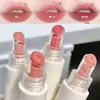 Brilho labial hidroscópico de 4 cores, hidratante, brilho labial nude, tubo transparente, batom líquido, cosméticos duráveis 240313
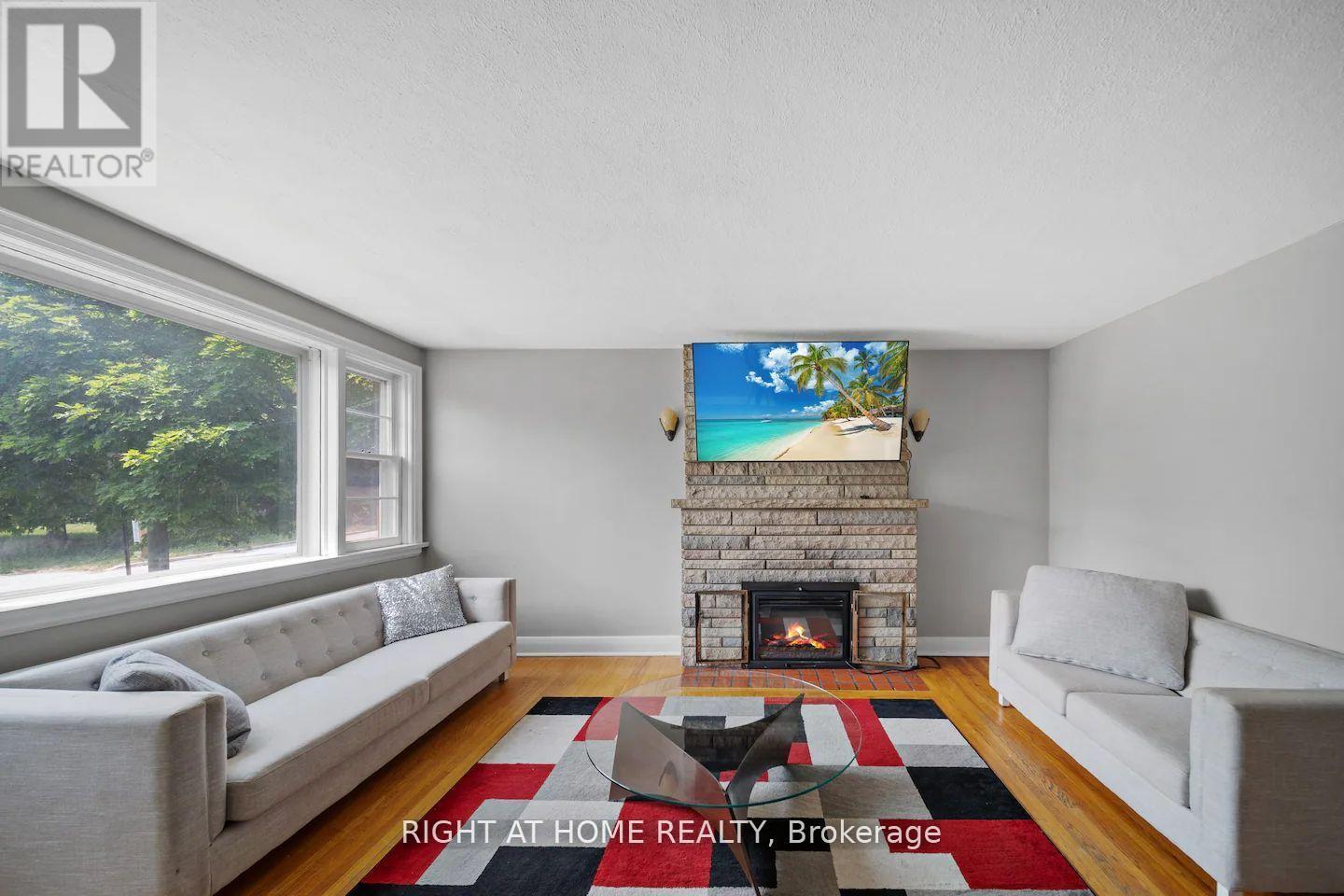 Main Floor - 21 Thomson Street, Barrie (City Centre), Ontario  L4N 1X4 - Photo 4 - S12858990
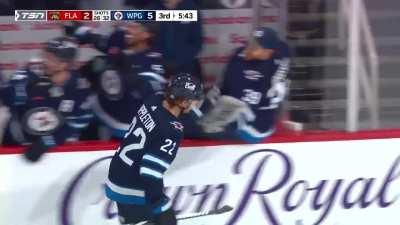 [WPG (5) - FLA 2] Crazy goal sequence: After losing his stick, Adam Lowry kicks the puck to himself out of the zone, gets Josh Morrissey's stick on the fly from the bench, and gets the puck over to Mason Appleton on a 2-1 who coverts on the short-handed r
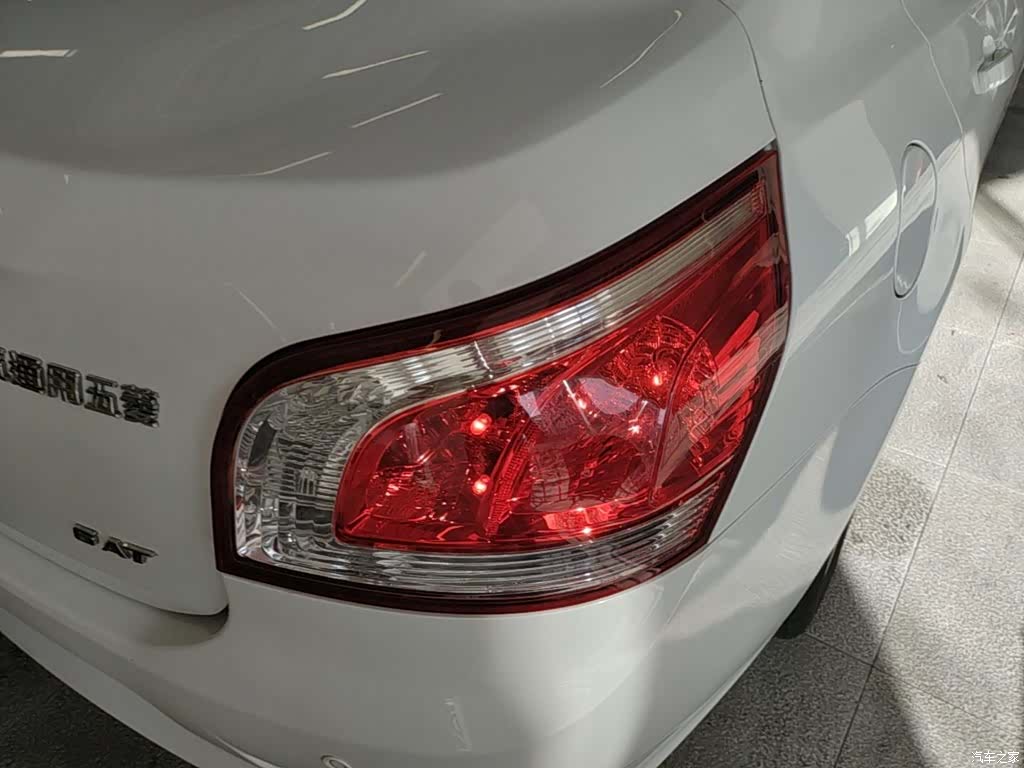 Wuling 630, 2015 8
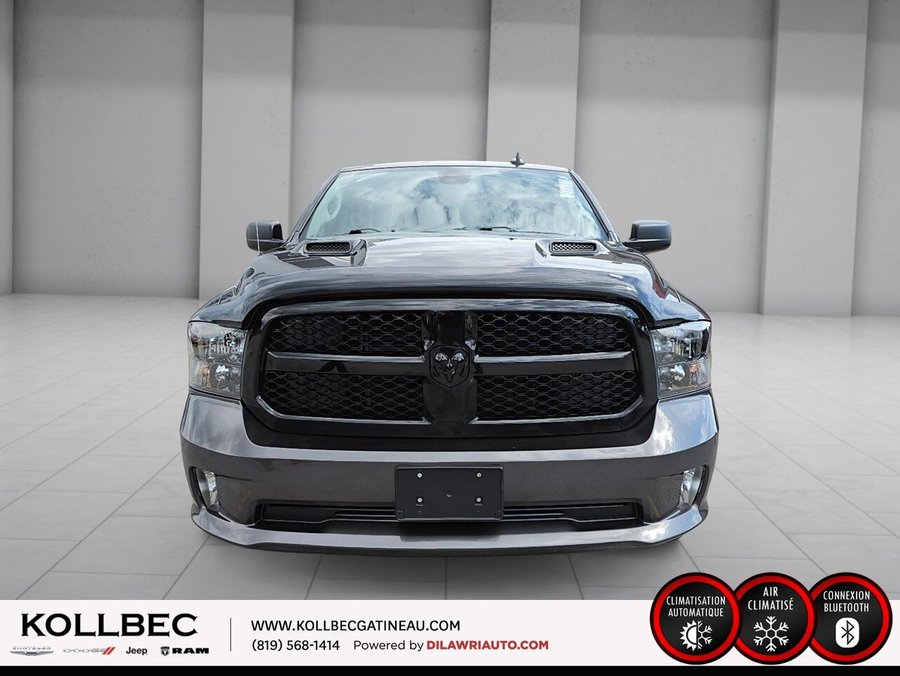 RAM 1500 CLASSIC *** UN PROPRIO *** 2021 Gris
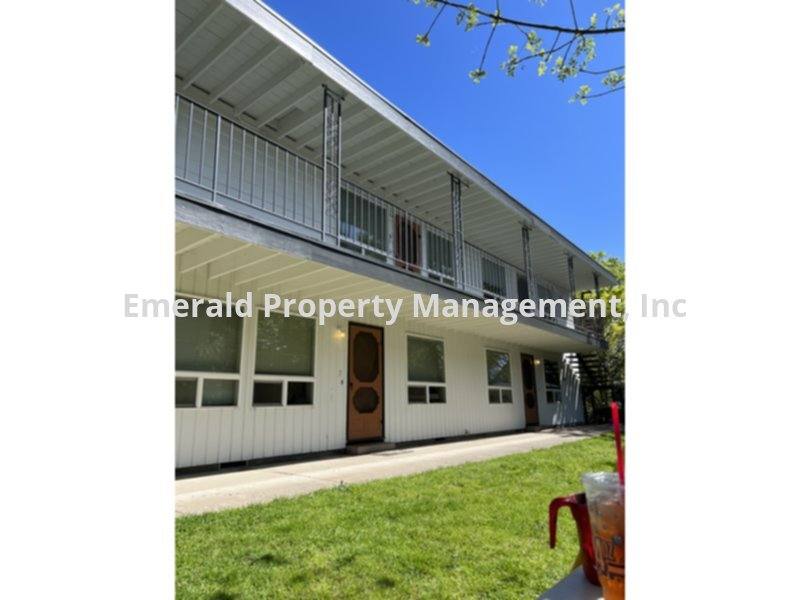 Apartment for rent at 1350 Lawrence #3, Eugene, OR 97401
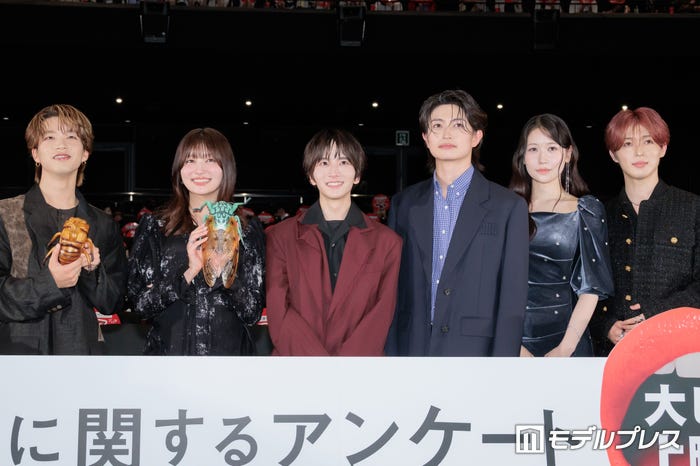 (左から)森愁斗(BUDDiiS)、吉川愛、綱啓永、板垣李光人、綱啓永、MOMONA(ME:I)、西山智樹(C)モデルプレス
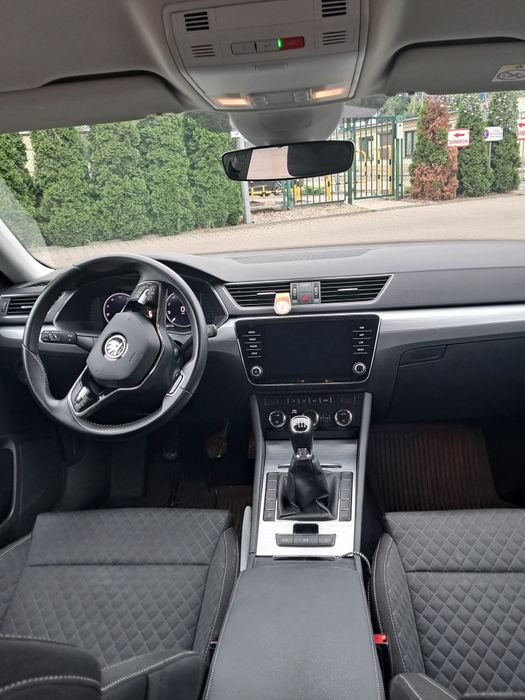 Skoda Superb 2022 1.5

**YOUR INSTRUCTIONS**
Leaving the pictures aside, output each entry above exactly as written.

**SOLUTION FOR THIS EXERCISE**
 Brilho labial hidroscópico de 4 cores, hidratante, brilho labial nude, tubo transparente, batom líquido, cosméticos duráveis 240313
 Main Floor - 21 Thomson Street, Barrie (City Centre), Ontario  L4N 1X4 - Photo 4 - S12858990
 [WPG (5) - FLA 2] Crazy goal sequence: After losing his stick, Adam Lowry kicks the puck to himself out of the zone, gets Josh Morrissey's stick on the fly from the bench, and gets the puck over to Mason Appleton on a 2-1 who coverts on the short-handed r
 Wuling 630, 2015 8
 RAM 1500 CLASSIC *** UN PROPRIO *** 2021 Gris
 Apartment for rent at 1350 Lawrence #3, Eugene, OR 97401
 (左から)森愁斗(BUDDiiS)、吉川愛、綱啓永、板垣李光人、綱啓永、MOMONA(ME:I)、西山智樹(C)モデルプレス
 Skoda Superb 2022 1.5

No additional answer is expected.